Eine wichtige Aufgabe dieses Blogs für die nächsten Tage wird sein, die in den letzten Wochen ausgespielten Bürgermeisterwahlen in den Weltstädten London, Rom, Augsburg und Hamburg zu kommentieren. Gibt es Gemeinsamkeiten? Wie tickt die Wählerschaft in europäischen Großstädten? Überall haben sich die Wähler gegen langjährige Erwartungen entschieden: In London setzte sich der herrlich unangepasste Boris Johnson gegen den populären Amtsinhaber Ken Livingstone durch, in Rom kam überraschend mit Gianni Alemanno ein Postfaschist ans Ruder, in Augsburg setzte sich ein Kandidat durch, der zum Zeitpunkt der Wahl überhaupt keiner Partei angehörte, in Hamburg handelte Ole von Beust die erste schwarz-grüne Koalition auf Landesebene aus.

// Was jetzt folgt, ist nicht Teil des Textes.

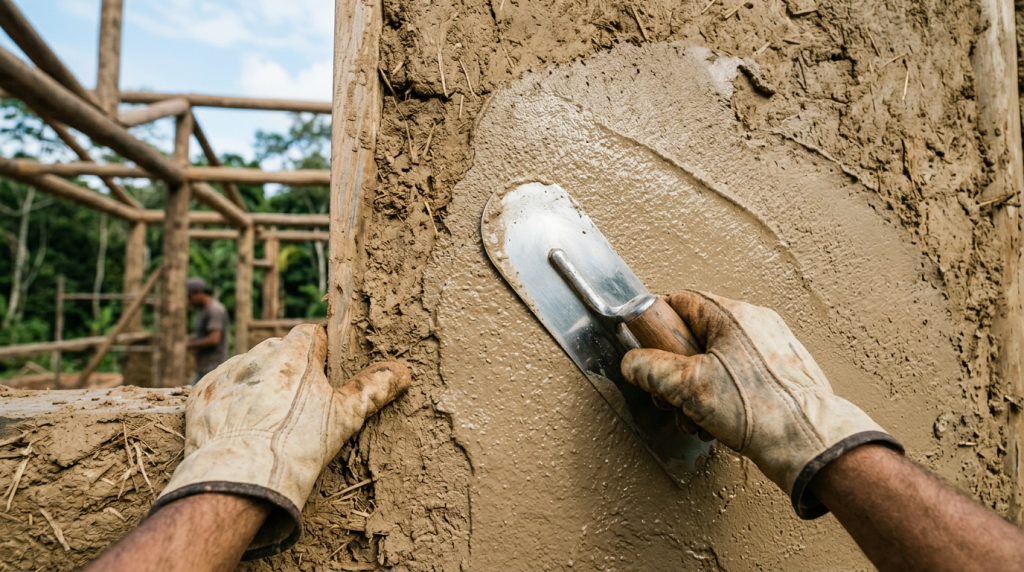 Casa de 55 metros quadrados que usa paredes de barro e palha para criar um microclima perfeito com custo de material quase zero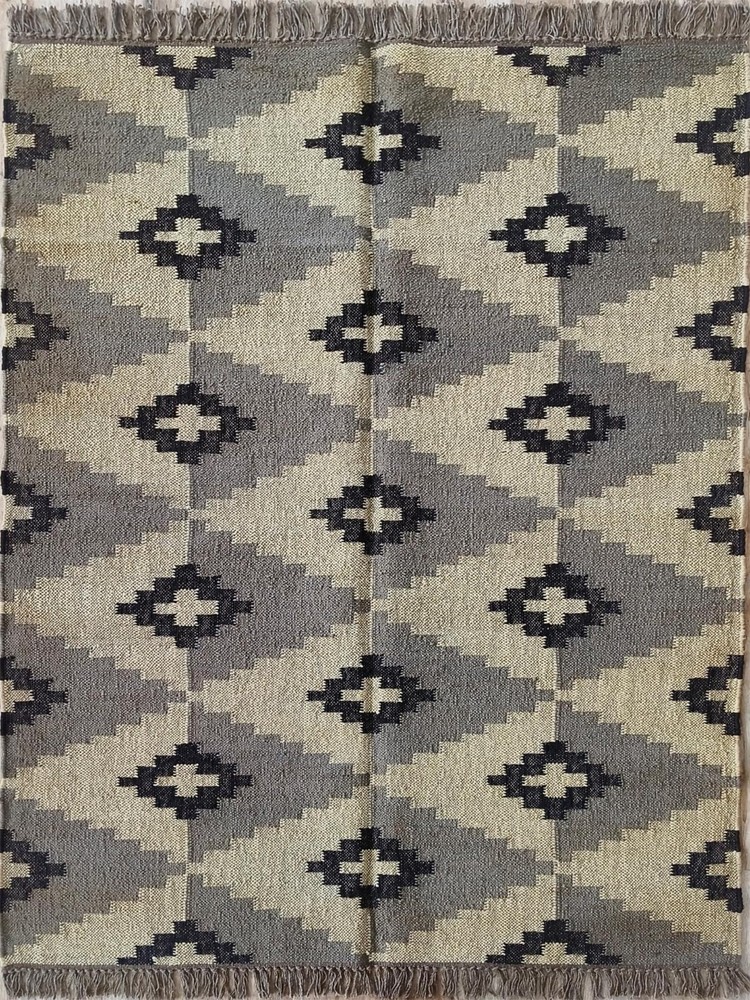 Handwoven Wool Jute Kilim Rug Color Beige, taupe grey, black Design Carpet Rug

Eines ist klar: Für den Fahrradverkehr war die Londoner Bürgermeisterwahl vom 4. Mai 2008 ein eindeutiger Sieg. Denn Boris Johnson ist – im Gegensatz zum bekennenden U-Bahnfahrer Livingstone – nach eigenen Worten ein militanter und deshalb zutiefst regeltreuer Radler:
Cycling enthusiast and Tory candidate for London mayor, Boris Johnson, called for „zero tolerance“ of cyclists who break the rules.
Speaking to ITV1, he said: „I am a militant cyclist myself and I love cycling and I want more people to cycle in London, but part of the deal has got to be that if we are going to expand cycling in London … we cyclists have got to obey the laws of the road.“
Das Bekenntnis machte Johnson übrigens, nachdem sein Parteichef David Cameron mehrfach dabei ertappt worden war, wie er Einbahnstraßen in falscher Richtiung entlangradelte und das Rotlicht missachtete. Das Ganze schlug vor den Kommunalwahlen riesige Wellen und brachte den Konservativen sicherlich zusätzliche Sympathie ein: Denn erstens entpuppte sich der Parteivorsitzende als begeisterter, nicht immer regeltreuer Radler, zweitens bekam der Boss einen Rüffel von dem bekanntermaßen schillernden Kandidaten seiner eigenen Partei. Beides dürfte die Chancen der Konservativen nicht unwesentlich gesteigert haben.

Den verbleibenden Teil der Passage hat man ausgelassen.